◆ What the task asks ◆
In the material below, the lines to reproduce exactly are the one containing "lululemon athletica Light" and all lines after it through the last.

◆ Dataset entries ◆
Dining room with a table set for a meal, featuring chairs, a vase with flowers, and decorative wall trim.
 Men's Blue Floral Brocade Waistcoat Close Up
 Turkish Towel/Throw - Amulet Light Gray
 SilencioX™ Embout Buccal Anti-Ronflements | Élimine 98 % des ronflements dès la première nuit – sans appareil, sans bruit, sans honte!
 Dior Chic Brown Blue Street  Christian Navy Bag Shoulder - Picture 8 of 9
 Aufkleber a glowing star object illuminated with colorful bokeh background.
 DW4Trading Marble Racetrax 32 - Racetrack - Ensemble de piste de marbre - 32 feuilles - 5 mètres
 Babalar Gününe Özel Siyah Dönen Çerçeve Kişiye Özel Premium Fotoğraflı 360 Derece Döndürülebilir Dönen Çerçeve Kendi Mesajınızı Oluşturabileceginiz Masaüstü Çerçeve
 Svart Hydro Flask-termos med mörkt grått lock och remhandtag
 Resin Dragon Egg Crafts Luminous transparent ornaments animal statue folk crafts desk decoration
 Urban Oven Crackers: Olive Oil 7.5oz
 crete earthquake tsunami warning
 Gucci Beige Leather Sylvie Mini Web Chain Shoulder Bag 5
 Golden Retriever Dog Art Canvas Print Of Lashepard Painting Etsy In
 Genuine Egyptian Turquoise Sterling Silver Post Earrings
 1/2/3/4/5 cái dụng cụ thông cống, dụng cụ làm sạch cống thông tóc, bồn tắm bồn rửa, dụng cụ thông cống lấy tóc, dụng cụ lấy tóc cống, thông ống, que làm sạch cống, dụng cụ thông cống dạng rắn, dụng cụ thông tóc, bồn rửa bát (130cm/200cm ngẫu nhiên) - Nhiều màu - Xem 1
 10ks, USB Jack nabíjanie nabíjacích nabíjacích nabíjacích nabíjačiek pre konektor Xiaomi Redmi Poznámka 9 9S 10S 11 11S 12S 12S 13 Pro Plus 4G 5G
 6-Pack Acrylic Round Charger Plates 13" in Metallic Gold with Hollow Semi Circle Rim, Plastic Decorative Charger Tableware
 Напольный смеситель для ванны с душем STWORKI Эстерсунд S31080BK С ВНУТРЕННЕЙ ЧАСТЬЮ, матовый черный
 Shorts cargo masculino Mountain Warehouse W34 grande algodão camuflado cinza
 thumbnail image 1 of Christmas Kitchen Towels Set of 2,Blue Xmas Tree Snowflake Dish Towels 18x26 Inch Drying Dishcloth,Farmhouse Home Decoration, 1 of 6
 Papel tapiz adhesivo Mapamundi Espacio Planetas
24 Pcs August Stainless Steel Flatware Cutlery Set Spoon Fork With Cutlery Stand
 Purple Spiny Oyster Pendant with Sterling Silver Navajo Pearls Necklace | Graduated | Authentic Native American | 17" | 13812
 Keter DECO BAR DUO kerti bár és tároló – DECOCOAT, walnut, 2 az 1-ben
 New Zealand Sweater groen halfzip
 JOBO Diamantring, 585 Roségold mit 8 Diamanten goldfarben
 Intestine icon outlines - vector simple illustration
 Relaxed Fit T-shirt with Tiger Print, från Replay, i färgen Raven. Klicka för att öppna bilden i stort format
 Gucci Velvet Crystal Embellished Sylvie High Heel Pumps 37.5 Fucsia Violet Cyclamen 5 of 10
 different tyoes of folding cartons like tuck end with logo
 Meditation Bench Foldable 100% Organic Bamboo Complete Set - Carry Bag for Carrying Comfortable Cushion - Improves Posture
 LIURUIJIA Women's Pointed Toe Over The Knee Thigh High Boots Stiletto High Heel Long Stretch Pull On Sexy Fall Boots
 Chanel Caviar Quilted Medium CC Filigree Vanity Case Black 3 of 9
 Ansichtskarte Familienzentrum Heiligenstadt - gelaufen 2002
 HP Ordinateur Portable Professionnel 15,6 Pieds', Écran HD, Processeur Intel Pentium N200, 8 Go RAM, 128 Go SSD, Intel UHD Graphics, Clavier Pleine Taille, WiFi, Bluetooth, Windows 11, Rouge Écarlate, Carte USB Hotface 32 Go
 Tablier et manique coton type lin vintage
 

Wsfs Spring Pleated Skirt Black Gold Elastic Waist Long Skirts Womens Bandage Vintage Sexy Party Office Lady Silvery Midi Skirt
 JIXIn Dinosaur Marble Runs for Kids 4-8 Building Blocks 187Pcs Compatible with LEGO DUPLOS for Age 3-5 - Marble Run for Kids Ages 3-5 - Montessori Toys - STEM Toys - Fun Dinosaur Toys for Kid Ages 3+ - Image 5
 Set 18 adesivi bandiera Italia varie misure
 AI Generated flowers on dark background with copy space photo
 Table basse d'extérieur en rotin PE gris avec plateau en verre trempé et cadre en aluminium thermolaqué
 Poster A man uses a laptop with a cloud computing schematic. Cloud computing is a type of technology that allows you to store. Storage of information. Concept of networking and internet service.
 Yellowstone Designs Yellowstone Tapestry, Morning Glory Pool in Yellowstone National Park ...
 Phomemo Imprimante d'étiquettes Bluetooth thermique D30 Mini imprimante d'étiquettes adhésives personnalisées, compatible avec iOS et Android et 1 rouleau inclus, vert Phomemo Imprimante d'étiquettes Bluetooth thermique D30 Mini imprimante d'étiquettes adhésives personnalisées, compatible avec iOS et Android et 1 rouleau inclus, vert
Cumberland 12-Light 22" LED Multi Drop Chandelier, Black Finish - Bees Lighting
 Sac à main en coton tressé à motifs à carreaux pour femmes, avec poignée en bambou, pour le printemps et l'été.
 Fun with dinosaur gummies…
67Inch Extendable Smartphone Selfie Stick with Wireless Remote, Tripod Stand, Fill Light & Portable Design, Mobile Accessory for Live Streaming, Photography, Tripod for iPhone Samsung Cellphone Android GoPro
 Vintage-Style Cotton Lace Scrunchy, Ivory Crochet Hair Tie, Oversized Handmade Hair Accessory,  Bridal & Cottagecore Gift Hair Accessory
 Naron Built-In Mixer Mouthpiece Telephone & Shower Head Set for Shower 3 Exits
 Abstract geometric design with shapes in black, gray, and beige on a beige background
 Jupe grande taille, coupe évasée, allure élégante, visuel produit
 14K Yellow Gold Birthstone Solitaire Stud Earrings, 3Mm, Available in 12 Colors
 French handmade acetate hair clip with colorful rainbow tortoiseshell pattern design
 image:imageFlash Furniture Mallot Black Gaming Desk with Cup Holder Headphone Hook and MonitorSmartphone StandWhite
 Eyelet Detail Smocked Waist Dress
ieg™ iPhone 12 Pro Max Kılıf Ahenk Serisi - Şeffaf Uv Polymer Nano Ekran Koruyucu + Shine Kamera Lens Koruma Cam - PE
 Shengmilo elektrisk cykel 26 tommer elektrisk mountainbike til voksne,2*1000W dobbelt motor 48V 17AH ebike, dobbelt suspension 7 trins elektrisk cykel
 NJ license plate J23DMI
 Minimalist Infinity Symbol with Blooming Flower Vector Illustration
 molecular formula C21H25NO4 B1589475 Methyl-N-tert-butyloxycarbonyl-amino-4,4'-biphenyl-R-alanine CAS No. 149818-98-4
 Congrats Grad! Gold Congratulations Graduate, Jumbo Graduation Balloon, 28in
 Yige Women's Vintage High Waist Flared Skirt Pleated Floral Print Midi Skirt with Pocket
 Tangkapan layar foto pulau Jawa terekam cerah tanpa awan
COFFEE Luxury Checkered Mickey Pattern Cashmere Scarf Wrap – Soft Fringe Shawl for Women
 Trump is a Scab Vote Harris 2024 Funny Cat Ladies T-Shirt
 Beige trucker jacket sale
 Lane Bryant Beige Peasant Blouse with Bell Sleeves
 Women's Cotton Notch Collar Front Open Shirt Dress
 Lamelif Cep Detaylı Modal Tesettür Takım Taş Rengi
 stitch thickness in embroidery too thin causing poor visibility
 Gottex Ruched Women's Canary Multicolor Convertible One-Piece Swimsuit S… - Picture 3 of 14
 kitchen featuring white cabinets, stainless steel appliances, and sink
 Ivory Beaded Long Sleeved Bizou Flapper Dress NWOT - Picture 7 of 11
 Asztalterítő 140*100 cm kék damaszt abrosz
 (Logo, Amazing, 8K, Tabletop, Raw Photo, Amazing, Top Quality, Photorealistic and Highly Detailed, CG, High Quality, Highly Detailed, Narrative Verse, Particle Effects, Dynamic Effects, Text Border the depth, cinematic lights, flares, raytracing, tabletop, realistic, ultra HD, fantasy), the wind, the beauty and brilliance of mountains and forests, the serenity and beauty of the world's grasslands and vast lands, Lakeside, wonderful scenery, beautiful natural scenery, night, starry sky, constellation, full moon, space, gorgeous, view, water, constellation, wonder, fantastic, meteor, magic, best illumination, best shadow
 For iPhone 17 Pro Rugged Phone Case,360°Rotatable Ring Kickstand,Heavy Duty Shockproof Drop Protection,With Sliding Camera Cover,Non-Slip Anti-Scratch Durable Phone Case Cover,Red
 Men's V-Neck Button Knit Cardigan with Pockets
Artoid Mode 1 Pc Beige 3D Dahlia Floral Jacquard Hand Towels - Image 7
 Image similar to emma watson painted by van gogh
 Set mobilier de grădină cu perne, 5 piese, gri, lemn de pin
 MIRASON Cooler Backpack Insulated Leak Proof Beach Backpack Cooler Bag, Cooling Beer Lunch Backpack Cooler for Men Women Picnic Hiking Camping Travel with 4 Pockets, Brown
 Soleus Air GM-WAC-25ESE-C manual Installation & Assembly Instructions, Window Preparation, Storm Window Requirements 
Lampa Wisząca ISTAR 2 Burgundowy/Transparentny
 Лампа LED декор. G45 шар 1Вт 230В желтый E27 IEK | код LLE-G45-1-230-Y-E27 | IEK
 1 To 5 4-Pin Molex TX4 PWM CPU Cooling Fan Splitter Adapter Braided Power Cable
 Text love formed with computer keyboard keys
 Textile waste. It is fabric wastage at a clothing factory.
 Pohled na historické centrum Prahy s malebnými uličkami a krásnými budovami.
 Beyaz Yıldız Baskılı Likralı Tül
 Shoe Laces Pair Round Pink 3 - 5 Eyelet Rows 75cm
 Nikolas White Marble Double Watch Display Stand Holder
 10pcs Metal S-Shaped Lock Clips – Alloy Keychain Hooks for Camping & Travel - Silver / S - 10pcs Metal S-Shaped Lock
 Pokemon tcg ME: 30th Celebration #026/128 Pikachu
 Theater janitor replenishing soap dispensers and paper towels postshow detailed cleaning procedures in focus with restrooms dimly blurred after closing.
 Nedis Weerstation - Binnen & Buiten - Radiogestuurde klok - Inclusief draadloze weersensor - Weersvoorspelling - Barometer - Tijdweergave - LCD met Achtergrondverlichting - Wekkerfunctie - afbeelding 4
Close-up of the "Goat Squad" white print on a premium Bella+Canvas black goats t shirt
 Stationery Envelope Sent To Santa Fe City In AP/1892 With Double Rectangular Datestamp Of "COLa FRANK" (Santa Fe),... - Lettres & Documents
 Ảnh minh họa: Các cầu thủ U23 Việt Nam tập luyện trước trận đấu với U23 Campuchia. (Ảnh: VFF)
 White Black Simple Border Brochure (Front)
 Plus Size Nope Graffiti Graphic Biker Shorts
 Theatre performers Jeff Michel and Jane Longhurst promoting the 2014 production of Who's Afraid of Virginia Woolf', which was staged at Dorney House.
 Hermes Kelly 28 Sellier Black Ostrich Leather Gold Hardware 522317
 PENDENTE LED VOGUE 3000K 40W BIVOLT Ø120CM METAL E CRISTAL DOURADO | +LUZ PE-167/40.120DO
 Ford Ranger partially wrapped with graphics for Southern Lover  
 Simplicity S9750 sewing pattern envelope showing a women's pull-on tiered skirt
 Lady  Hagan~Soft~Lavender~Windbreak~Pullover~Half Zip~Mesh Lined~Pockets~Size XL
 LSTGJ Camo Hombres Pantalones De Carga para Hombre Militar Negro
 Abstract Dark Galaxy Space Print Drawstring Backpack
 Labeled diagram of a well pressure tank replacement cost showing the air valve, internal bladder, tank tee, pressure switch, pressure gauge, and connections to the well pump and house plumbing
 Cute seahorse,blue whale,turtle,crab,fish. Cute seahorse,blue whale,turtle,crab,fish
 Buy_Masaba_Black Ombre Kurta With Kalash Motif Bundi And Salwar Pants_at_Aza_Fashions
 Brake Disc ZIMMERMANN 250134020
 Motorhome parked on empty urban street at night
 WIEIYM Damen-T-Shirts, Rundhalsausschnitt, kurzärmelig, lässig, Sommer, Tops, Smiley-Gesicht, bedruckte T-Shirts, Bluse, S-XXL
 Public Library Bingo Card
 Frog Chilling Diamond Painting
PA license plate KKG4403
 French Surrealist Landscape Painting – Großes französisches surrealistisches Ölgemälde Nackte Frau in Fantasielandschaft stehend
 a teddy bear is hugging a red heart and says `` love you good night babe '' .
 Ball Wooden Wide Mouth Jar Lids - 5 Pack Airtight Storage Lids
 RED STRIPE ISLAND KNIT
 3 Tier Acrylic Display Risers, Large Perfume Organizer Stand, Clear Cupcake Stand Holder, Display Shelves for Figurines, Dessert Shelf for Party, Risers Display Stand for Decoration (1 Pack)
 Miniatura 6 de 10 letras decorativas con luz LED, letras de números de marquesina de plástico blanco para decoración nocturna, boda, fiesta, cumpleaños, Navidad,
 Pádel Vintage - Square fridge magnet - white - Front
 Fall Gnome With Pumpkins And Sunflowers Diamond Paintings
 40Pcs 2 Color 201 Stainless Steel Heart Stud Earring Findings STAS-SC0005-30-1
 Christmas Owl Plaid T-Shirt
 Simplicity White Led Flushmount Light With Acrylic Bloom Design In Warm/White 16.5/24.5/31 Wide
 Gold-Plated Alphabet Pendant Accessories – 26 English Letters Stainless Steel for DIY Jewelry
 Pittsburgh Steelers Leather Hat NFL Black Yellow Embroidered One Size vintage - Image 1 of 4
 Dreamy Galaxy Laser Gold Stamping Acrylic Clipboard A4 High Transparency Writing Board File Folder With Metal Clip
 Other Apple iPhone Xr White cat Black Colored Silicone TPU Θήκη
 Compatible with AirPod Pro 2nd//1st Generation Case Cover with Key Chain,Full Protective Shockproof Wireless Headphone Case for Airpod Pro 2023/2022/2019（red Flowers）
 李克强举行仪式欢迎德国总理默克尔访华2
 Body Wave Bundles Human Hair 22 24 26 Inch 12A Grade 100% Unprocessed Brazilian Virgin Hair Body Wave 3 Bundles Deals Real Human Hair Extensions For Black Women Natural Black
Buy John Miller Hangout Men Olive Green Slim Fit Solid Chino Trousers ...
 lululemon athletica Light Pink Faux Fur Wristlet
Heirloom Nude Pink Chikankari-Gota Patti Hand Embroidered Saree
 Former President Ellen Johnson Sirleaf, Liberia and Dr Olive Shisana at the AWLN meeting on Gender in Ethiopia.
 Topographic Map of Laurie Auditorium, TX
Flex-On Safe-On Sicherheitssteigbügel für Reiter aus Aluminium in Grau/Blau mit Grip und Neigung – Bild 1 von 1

◆ Answer to this exercise ◆
 lululemon athletica Light Pink Faux Fur Wristlet
Heirloom Nude Pink Chikankari-Gota Patti Hand Embroidered Saree
 Former President Ellen Johnson Sirleaf, Liberia and Dr Olive Shisana at the AWLN meeting on Gender in Ethiopia.
 Topographic Map of Laurie Auditorium, TX
Flex-On Safe-On Sicherheitssteigbügel für Reiter aus Aluminium in Grau/Blau mit Grip und Neigung – Bild 1 von 1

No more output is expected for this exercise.